Insomma alle dichiarazioni su cui ”mettono le mani” Caf e professionisti, disposizioni di favore, finora applicate ai contribuenti che facevano il modello fai-da-te, si estendono dal 2022 anche agli intermediari, che assistono i contribuenti.

La novità quindi è che caf e professionisti, sulle precompilate inviate relative al periodo d’imposta in corso, non potranno subire controlli formali sui dati delle spese sanitarie se non modificate (e comprovate da documenti) rispetto a quanto esposto dall’Agenzia delle entrate sulla dichiarazione. In questo caso il controllo potrà essere fatto solo sui documenti.

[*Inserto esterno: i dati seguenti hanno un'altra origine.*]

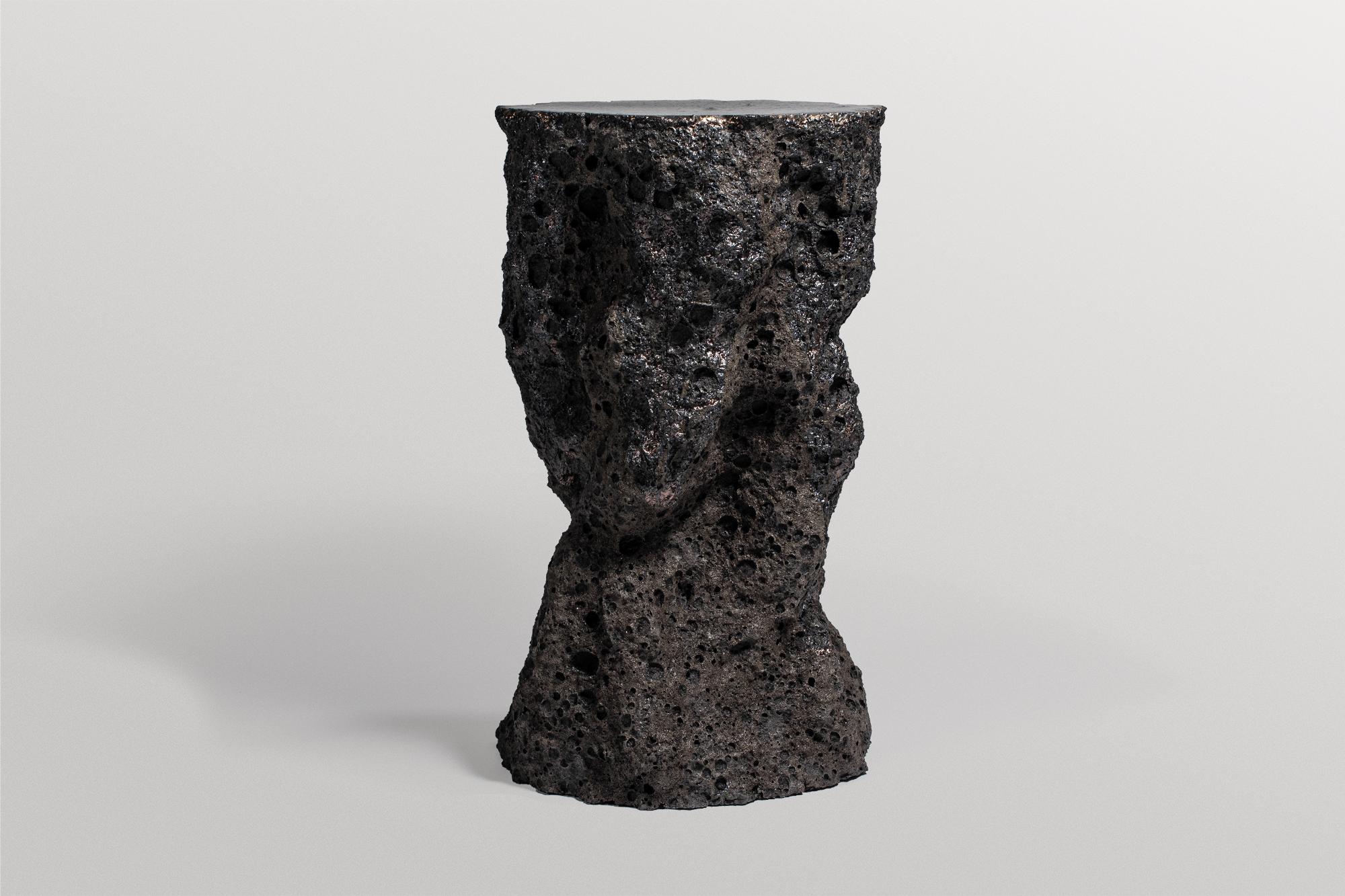 Forma natural, mesa auxiliar contemporánea de cerámica gris oscuro de Niclas Wolf Posmoderno en venta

Infatti in presenza di modifiche, qualora vi sia l’invio del precompilato direttamente effettuato dal contribuente, o tramite il proprio sostituto d’imposta, vi è una limitazione ai poteri di verifica dell’Agenzia unicamente sui documenti che hanno determinato la variazione della spesa: interessi passivi mutuo, spese sanitarie, ecc.